Totally true. One service of a rather large European bank stores passwords in plain text. It's just waiting to be exploited.


Easy: everybody authenticate with Facebook Connect, then we just have a single location and storage mechanism to secure.


As silly as it is, it's what I'm doing for a lot of my non-essential sites. Being able to see who I've signed up with is also nice, as I'm sure I'm signed up to a whole host of sites that I have zero memory of.

That, and Facebook supports two factor authentication and (hopefully) isn't leaving their pw db as unsalted md5...


Ha-ha. And nothing goes wrong.


s/secure/crack.


Also one password to change, though.


If you want something better for your site; check out MePIN https://www.mepin.com/


How do they prevent unauthorized locks, unlocks or transfers? There's virtually no documentation on the site.


Hi, a new developer section for the site is in the works. Stay tuned.


I like using OpenID. I just use my domain name as a delegate and point it at my current OpenID provider of choice for authentication (which is currently my Google profile; used to be myOpenID 'til they went down for 1/2 a day). As long as I retain my domain name, I can control authentication, even if my current provider were to be compromised (just point my domain name/delegate at a different provider).

The problem, of course, is a lot of sites still don't support OpenID.


I would like to see pub/private key implementations for this sort of thing.


I find it so odd that this functionality wasn't baked into web browsers from the beginning.

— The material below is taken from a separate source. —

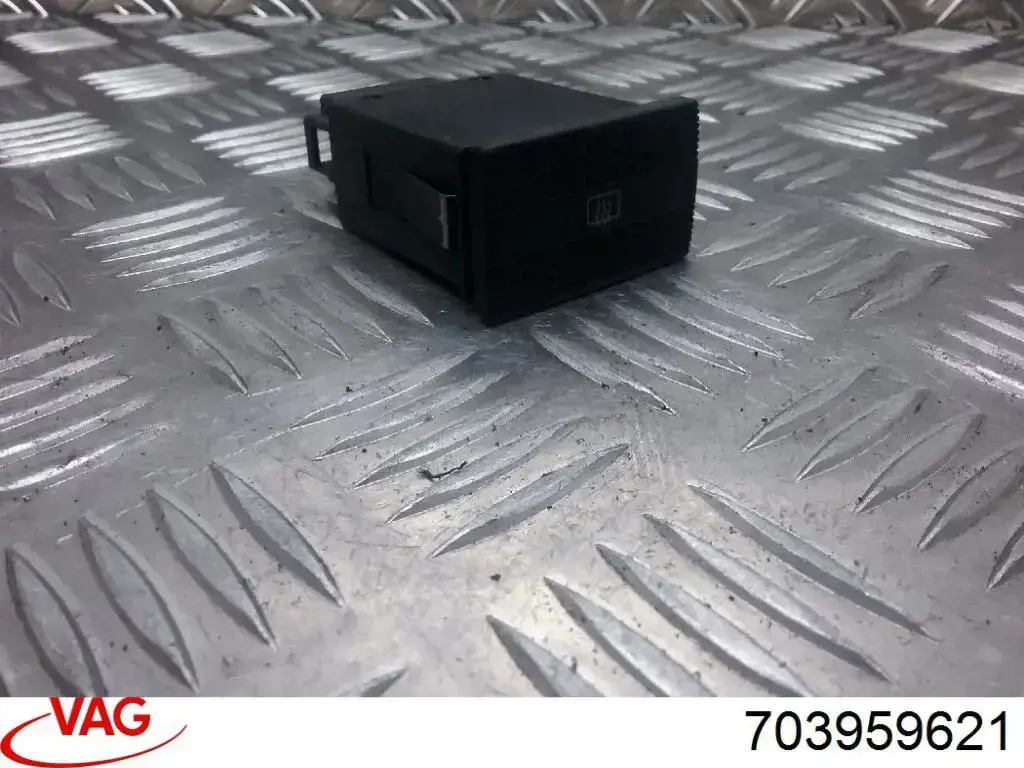 Купить 70395962101C VAG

TLS does allow client authentication using keys. It is a flawed solution as it puts too much importance in protecting the key. What happens when you need to login from an internet cafe? How do you securely move keys between devices? What happens when the machine has malware that steal the keys?

Good security assumes that everything can and will be compromised and provides defence in depth. Client certs do little to help.

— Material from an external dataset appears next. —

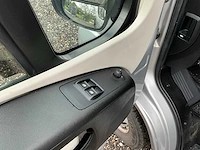 2019 fiat carroceria ameline ducato 35h 2.3 multijet paardenwagen 2 paards - afbeelding 8 van  60
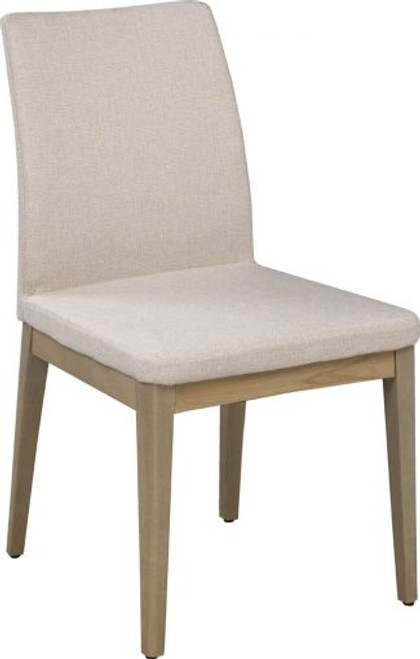 Fjord Side Chair Fjord Side Chair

That problem is pervasive with any sort of private key system, as well as the password databases becoming popular.

Private key files pose a challenge, absolutely. But is it so much worse than having every company Jack store passwords in $non_crypto_hash_system?

(begin-rumination....

Right now, compromise risk for credentials typically lies on the companies. They frequently fail in protecting these credentials. However, your credentials are - inadvertently - distributed out between multiple companies. When one goes down, the other credentials are considerably less affected.

(More so if you've been bad and used the same password everywhere).

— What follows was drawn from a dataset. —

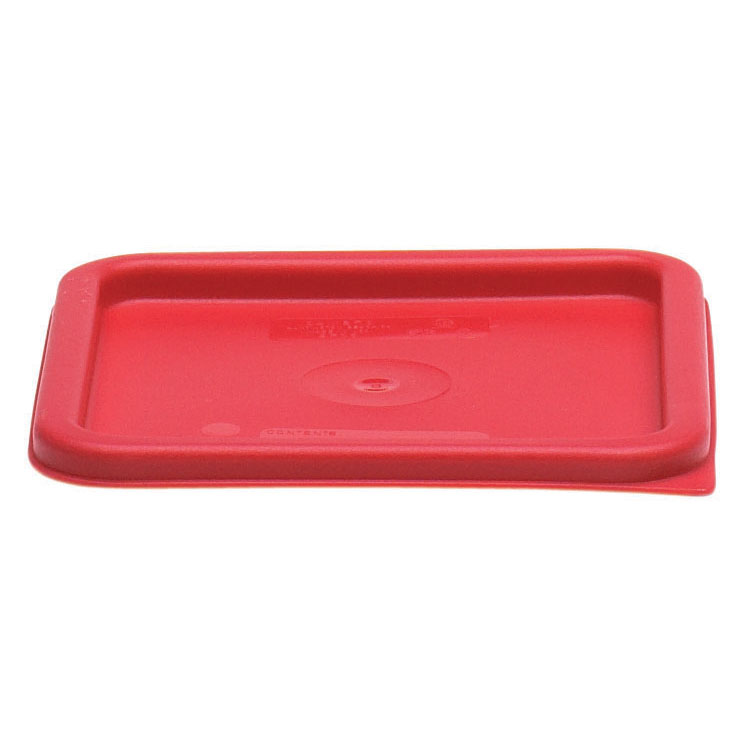 Cambro, SFC6451, Food/Beverage Storage Container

Examining a local store, we centralize risk onto the local desktop. Suppose that in order to log into the user's central system, the user had to provide a password. (Example: gpg-agent). Then, to log into a remote system (web, ssh, etc), the user's credentials get passed into the remote system via some well-known private/public authentication scheme.

Points of failure here:

- user forgets own password. All credentials are lost until they manage to get reauthenticated into the system.

- Malware hacks the user's keystore and uploads private keys to $malware_database. Case 1: in-memory hack. Case 2: hacks system database.

- Case 3-ish. Malware injects dialog requesting system password and gullible user enters it. Upload commences...

I am sure other scenarios can be imagined. In these scenarios, the risk is shifted from the company onto the user (and the key storage engineers).

I can imagine that password forgetting would be heniously problematic and cause PR disasters: many people don't like to take responsibility)


Perhaps a possible solution is to generate a private key in the browser using an algorithm such as PBKDF2 or bcrypt operating against a public per-user salt and a high entropy password. The private key is only kept in the clients memory long enough to sign something for the server.

This is not the best possible solution but I can't see how it would be worse than a compromised salt/bcrypt hash.